Summary: This tutorial demonstrates PDF document classification using AutoGluon's MultiModalPredictor, specifically implementing document processing and classification tasks. It covers essential techniques for handling PDF documents, including data preparation, model training with LayoutLM, and extraction of document embeddings. Key functionalities include automatic PDF processing, text recognition, probability predictions, and embedding extraction. The tutorial helps with tasks like setting up document paths, training classifiers, making predictions, and evaluating model performance. It provides implementation details for configuring the document transformer, managing training time limits, and handling PDF datasets effectively using AutoGluon's multimodal capabilities.

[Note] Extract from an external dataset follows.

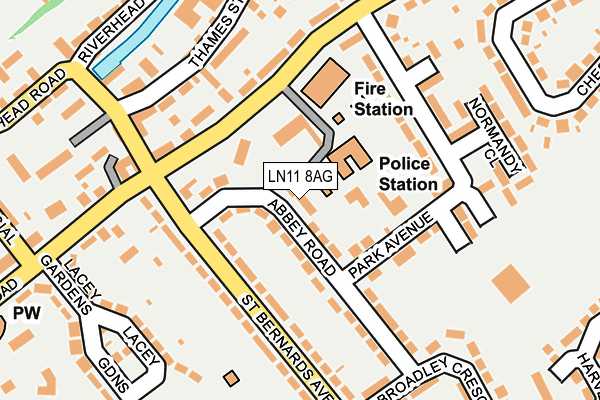 LN11 8AG map - OS OpenMap – Local (Ordnance Survey)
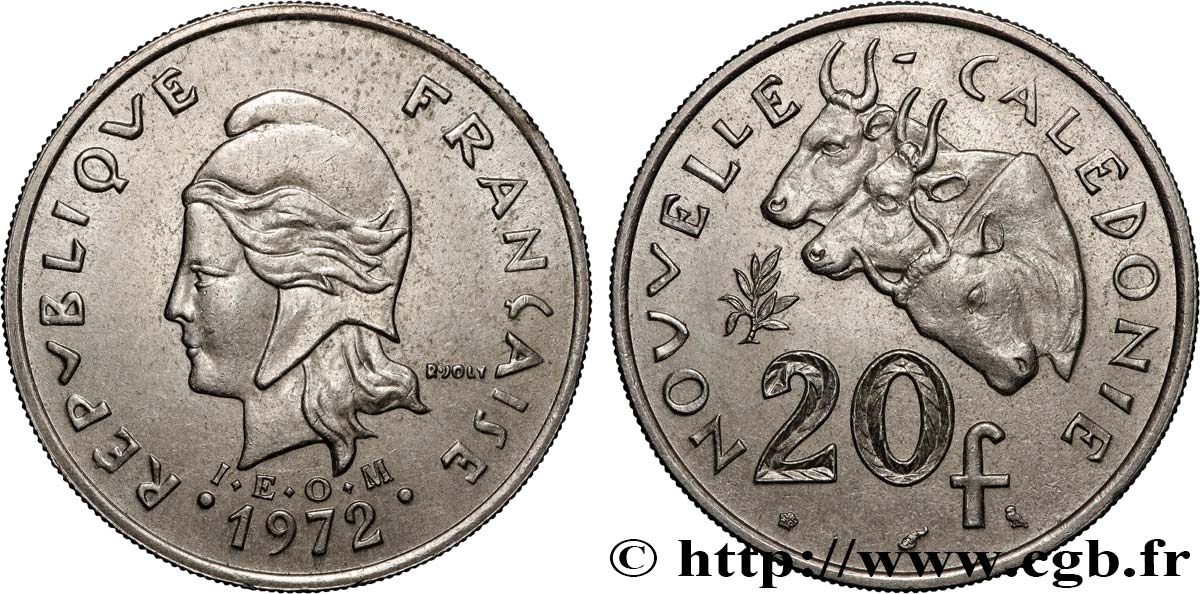 NOUVELLE CALÉDONIE 20 Francs I.E.O.M. 1972 Paris SUP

*This is a condensed version that preserves essential implementation details and context.*

Here's the condensed tutorial focusing on essential implementation details:

# PDF Document Classification with AutoMM

## Prerequisites
- Requires `poppler` installation:
  - Windows: Install from [poppler-windows](https://github.com/oschwartz10612/poppler-windows) (add bin/ to PATH)
  - Mac: `brew install poppler`
  - Linux: Install from [poppler](https://poppler.freedesktop.org)

## Implementation Steps

### 1. Setup and Data Preparation
```python
!pip install autogluon.multimodal

import pandas as pd
from autogluon.core.utils.loaders import load_zip
from autogluon.multimodal.utils.misc import path_expander

# Download and prepare dataset
download_dir = './ag_automm_tutorial_pdf_classifier'
zip_file = "https://automl-mm-bench.s3.amazonaws.com/doc_classification/pdf_docs_small.zip"
load_zip.unzip(zip_file, unzip_dir=download_dir)

# Load and split data
dataset_path = os.path.join(download_dir, "pdf_docs_small")
pdf_docs = pd.read_csv(f"{dataset_path}/data.csv")
train_data = pdf_docs.sample(frac=0.8, random_state=200)
test_data = pdf_docs.drop(train_data.index)

# Update document paths
DOC_PATH_COL = "doc_path"
train_data[DOC_PATH_COL] = train_data[DOC_PATH_COL].apply(
    lambda ele: path_expander(ele, base_folder=download_dir)
)
test_data[DOC_PATH_COL] = test_data[DOC_PATH_COL].apply(
    lambda ele: path_expander(ele, base_folder=download_dir)
)
```

### 2. Create and Train Classifier
```python
from autogluon.multimodal import MultiModalPredictor

predictor = MultiModalPredictor(label="label")
predictor.fit(
    train_data=train_data,
    hyperparameters={
        "model.document_transformer.checkpoint_name": "microsoft/layoutlm-base-uncased",
        "optimization.top_k_average_method": "best",
    },
    time_limit=120,
)
```

### 3. Evaluation and Prediction
```python
# Evaluate
scores = predictor.evaluate(test_data, metrics=["accuracy"])

# Single prediction
predictions = predictor.predict({DOC_PATH_COL: [test_data.iloc[0][DOC_PATH_COL]]})

# Probability prediction
proba = predictor.predict_proba({DOC_PATH_COL: [test_data.iloc[0][DOC_PATH_COL]]})

# Extract embeddings
feature = predictor.extract_embedding({DOC_PATH_COL: [test_data.iloc[0][DOC_PATH_COL]]})
```

## Key Features
- Automatic PDF processing and format detection
- Built-in text recognition
- Document embedding extraction
- Support for probability predictions

## Important Configurations
- Uses `layoutlm-base-uncased` as default document transformer
- Time limit can be adjusted based on dataset size and requirements
- Supports various evaluation metrics

## Best Practices
1. Ensure correct document paths are provided
2. Verify PDF accessibility before processing
3. Consider memory requirements for large PDF datasets
4. Use appropriate time limits based on dataset size

For customization options, refer to the AutoMM customization documentation.